__Exercise directions__:
Beneath this line are entries. Copy the range from the line with "Love Bomber Jacket" to the line with "a baking dish", ends included, exactly; leave pictures out.

__Image-caption web data__:
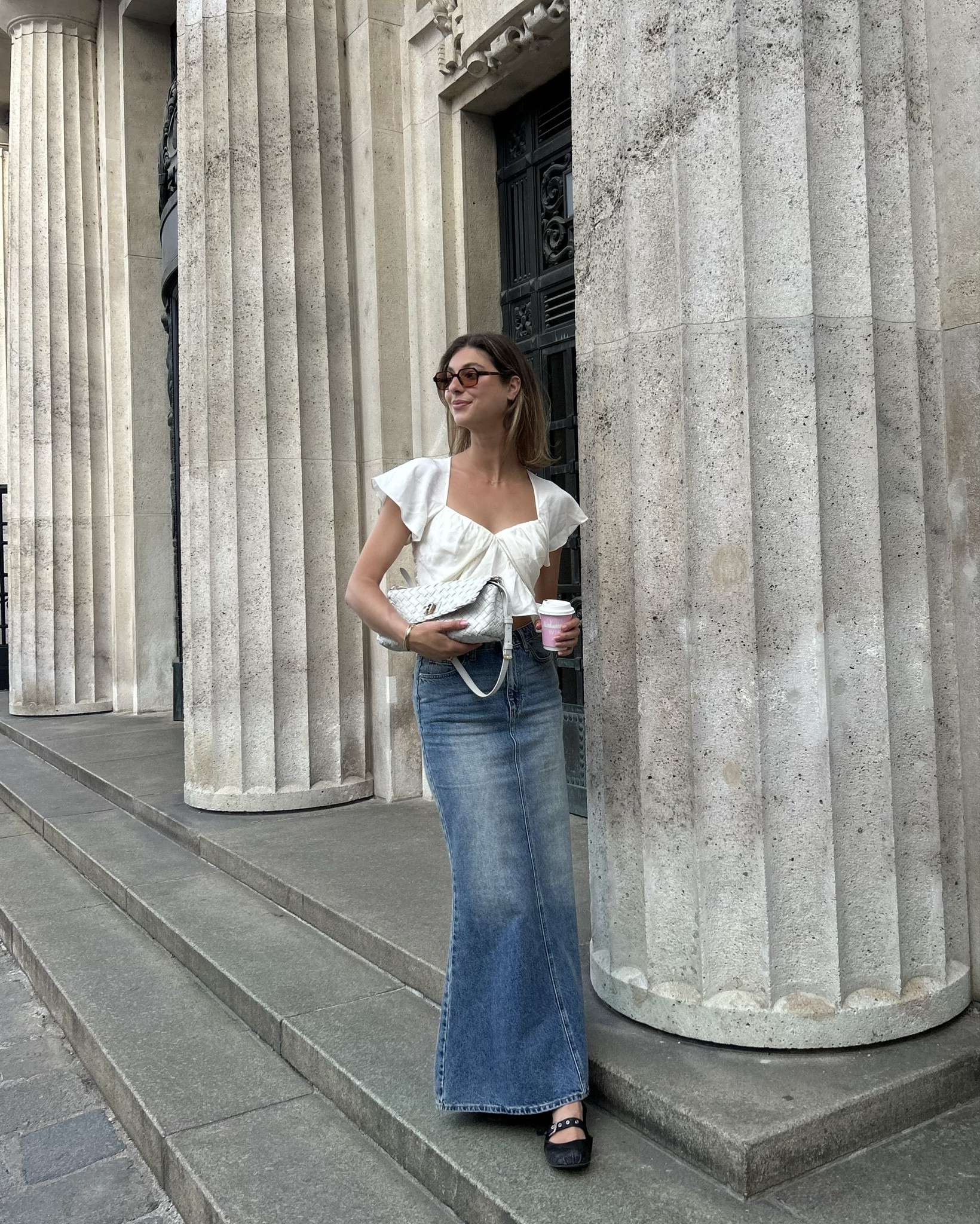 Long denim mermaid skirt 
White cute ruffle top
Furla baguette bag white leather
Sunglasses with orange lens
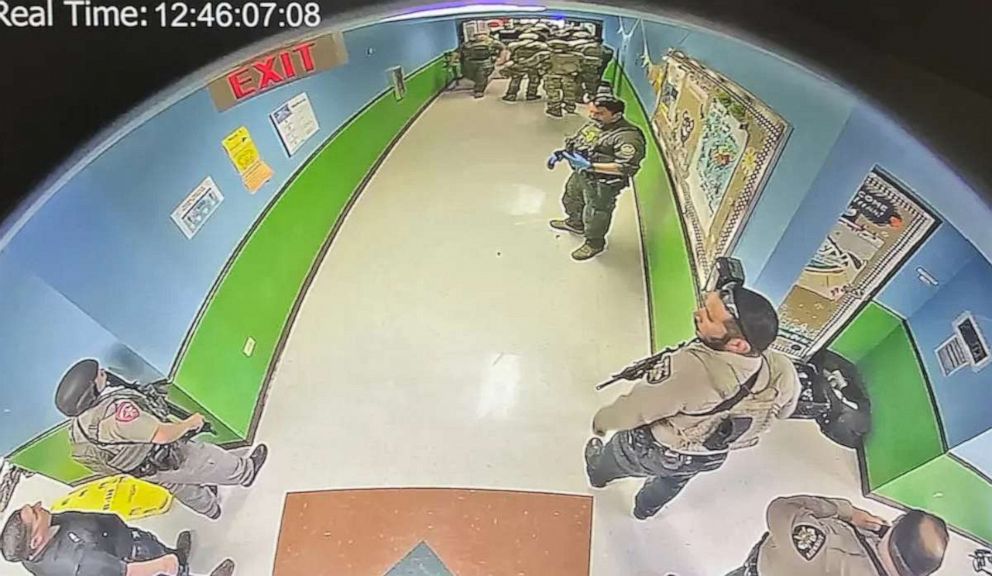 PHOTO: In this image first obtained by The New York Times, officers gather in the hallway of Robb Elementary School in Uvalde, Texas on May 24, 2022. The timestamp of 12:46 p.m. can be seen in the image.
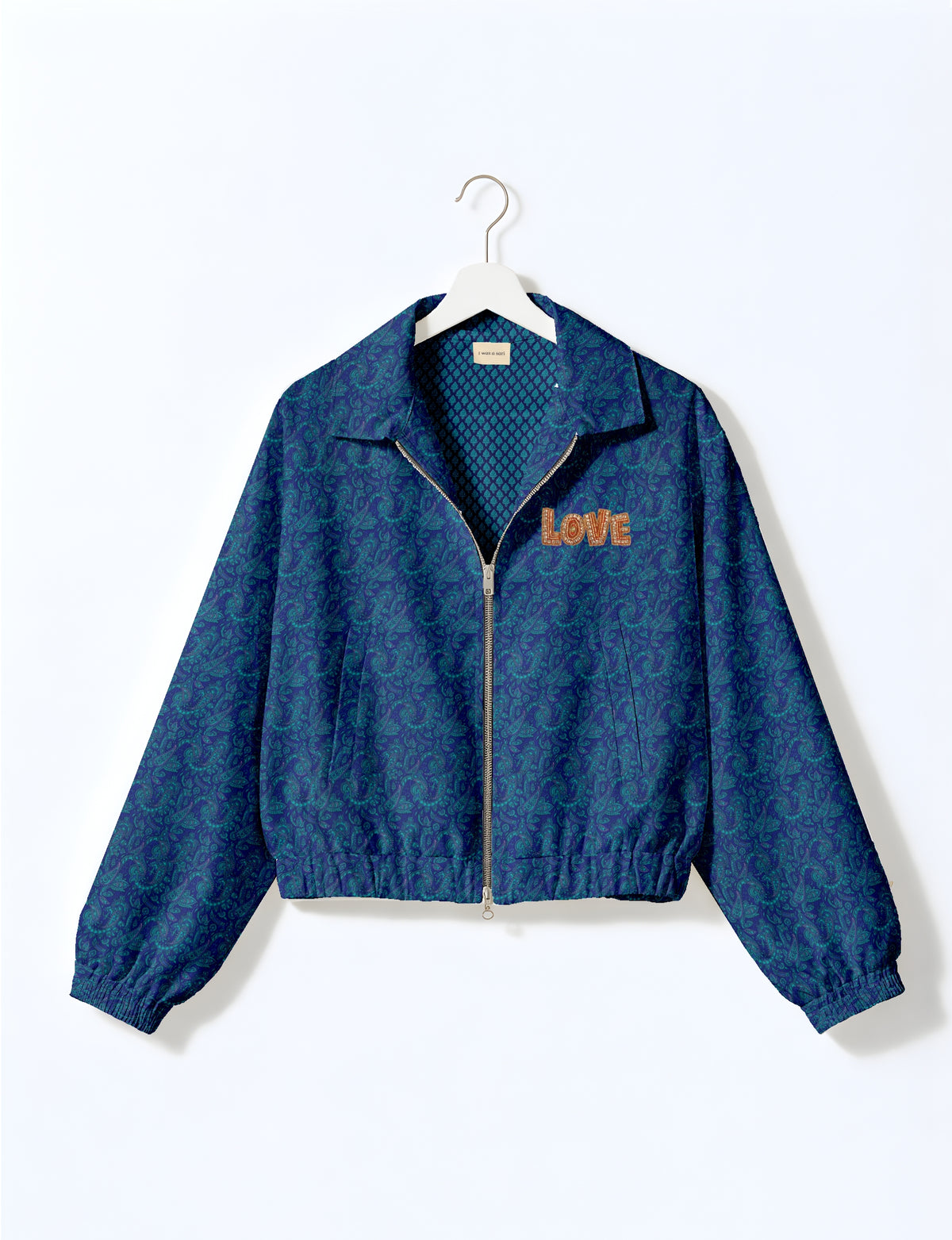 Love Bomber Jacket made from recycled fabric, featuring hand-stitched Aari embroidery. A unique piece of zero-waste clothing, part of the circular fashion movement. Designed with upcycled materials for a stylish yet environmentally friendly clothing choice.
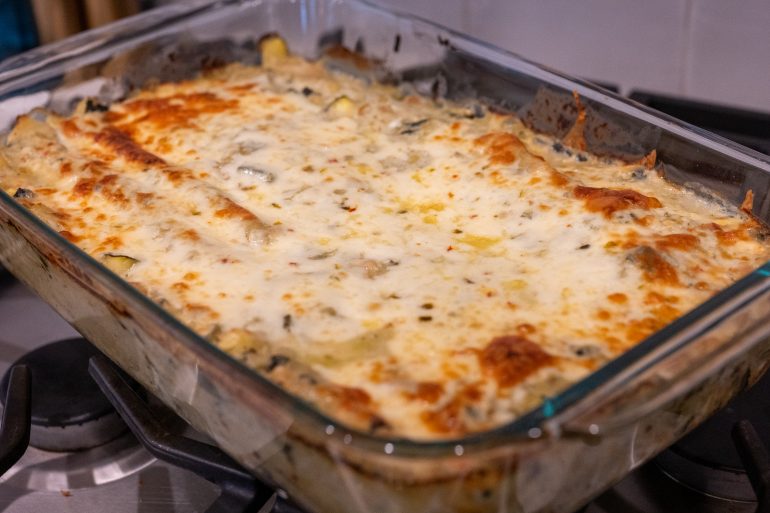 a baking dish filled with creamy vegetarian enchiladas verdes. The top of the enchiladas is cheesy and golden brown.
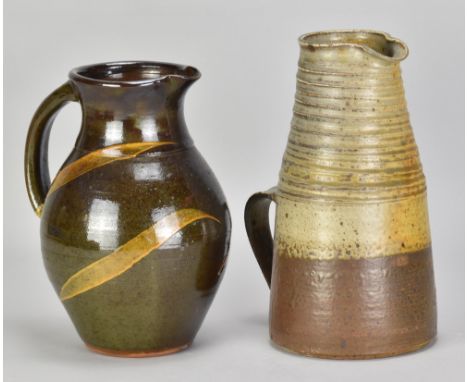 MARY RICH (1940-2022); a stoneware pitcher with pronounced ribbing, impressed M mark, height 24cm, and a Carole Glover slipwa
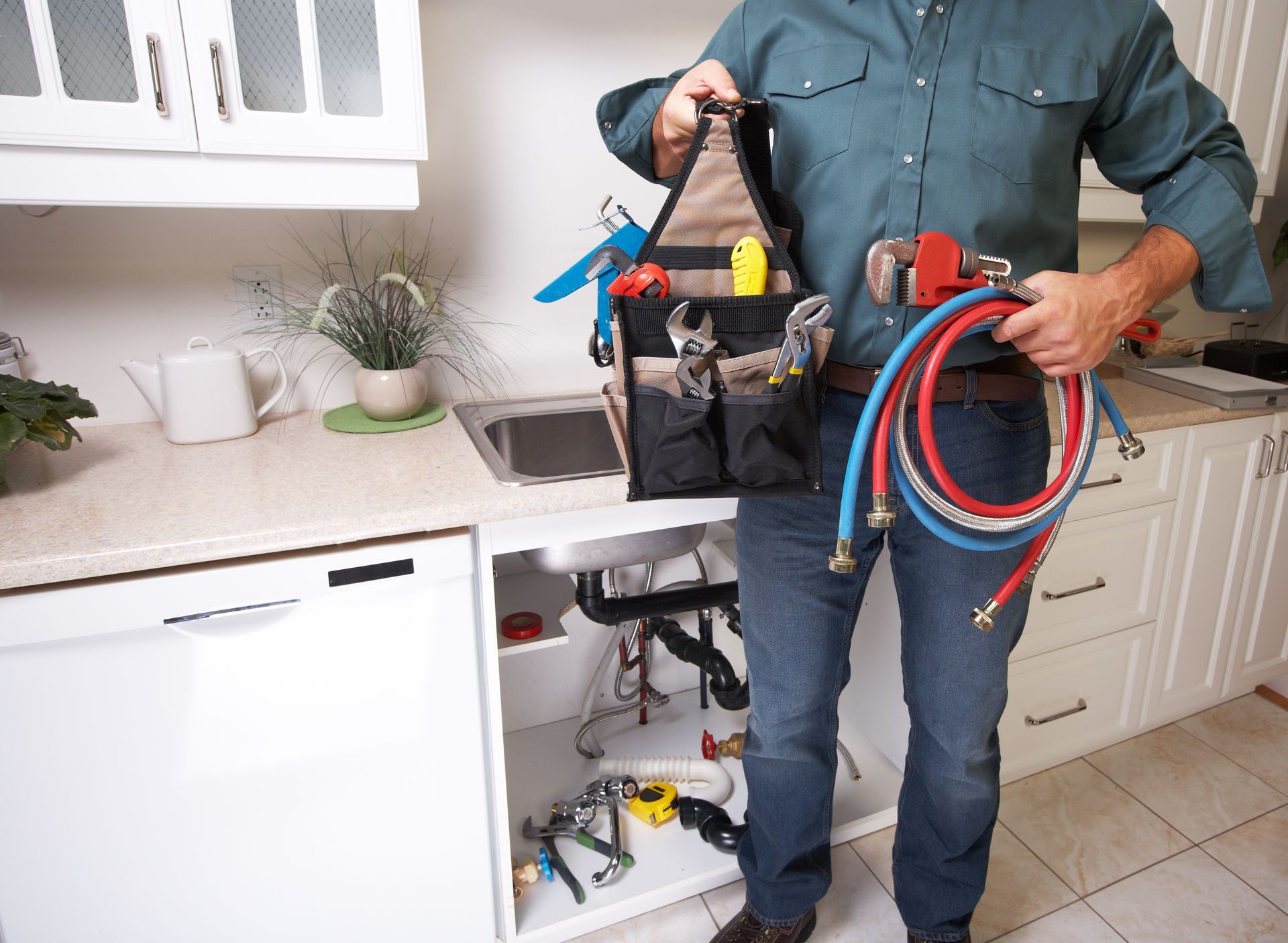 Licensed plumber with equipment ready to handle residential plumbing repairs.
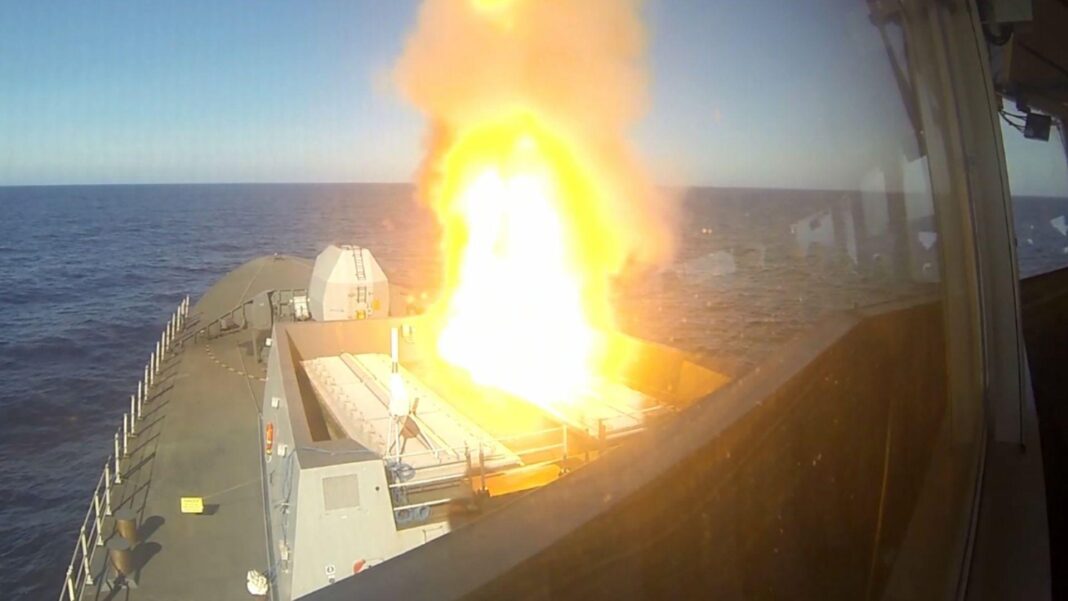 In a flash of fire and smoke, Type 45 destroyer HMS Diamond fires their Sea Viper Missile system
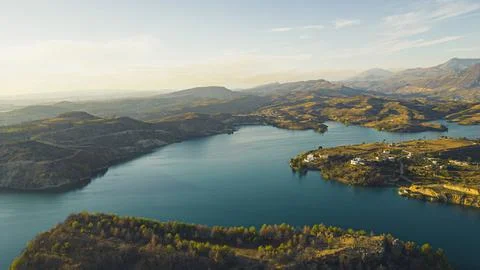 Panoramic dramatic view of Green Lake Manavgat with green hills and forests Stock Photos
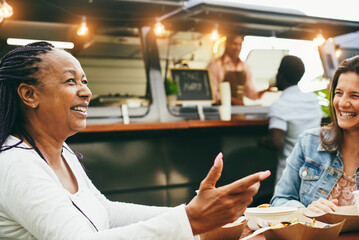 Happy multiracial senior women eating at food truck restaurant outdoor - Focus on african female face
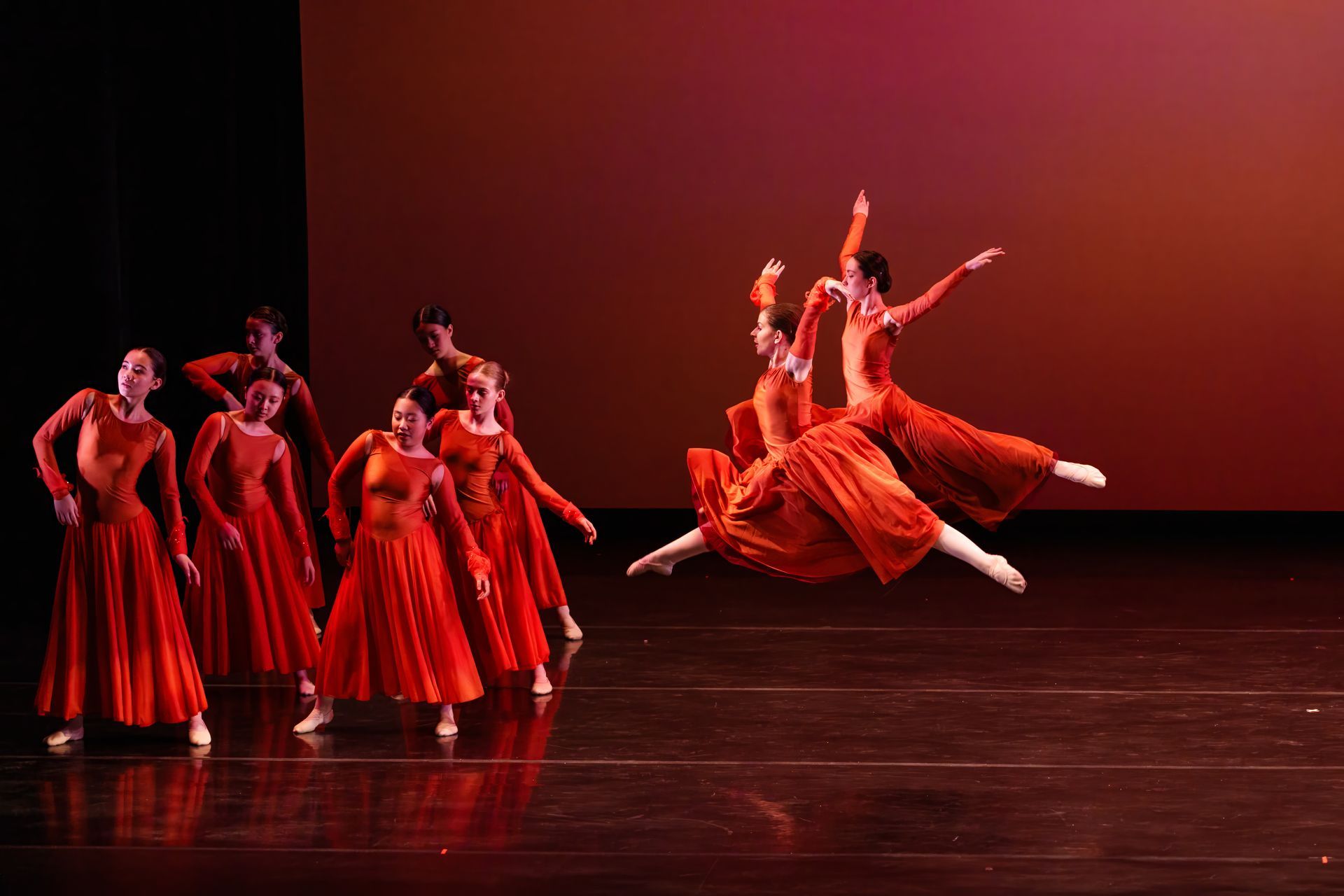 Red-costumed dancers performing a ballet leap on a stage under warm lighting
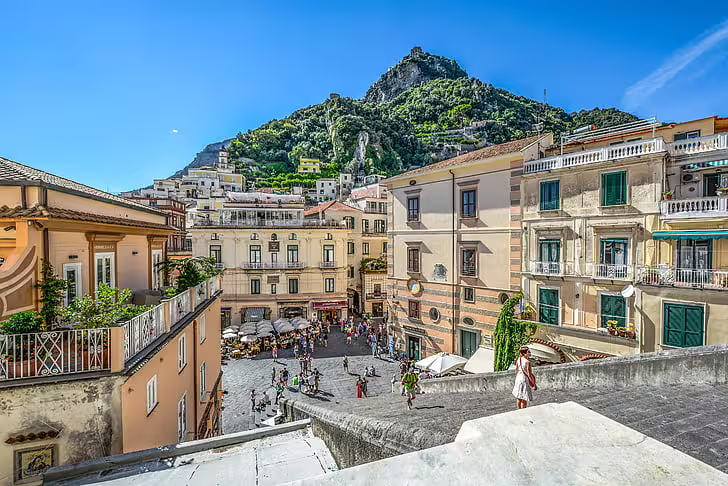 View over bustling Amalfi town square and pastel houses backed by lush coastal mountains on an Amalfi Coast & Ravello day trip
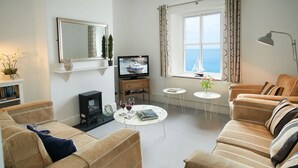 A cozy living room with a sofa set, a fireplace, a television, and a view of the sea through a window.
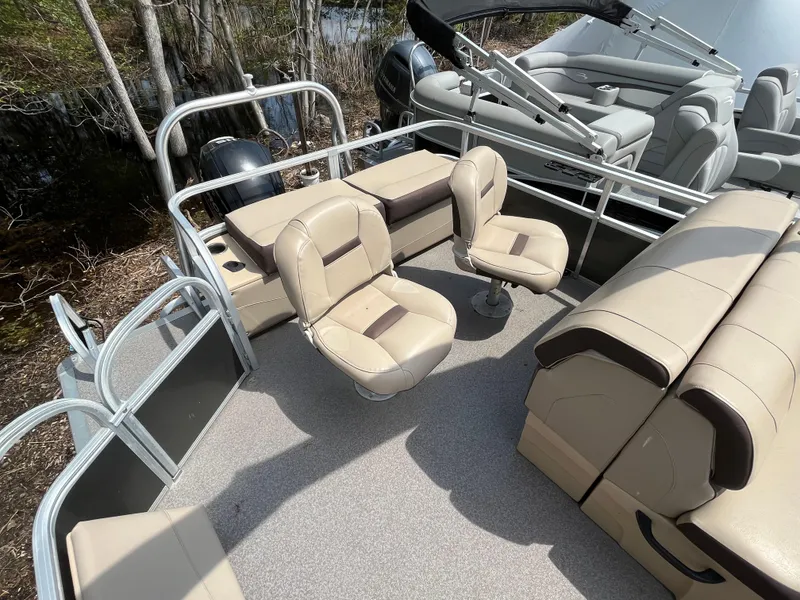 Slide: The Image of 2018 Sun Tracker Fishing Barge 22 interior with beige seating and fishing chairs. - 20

__Answer section__:
 Love Bomber Jacket made from recycled fabric, featuring hand-stitched Aari embroidery. A unique piece of zero-waste clothing, part of the circular fashion movement. Designed with upcycled materials for a stylish yet environmentally friendly clothing choice.
 a baking dish filled with creamy vegetarian enchiladas verdes. The top of the enchiladas is cheesy and golden brown.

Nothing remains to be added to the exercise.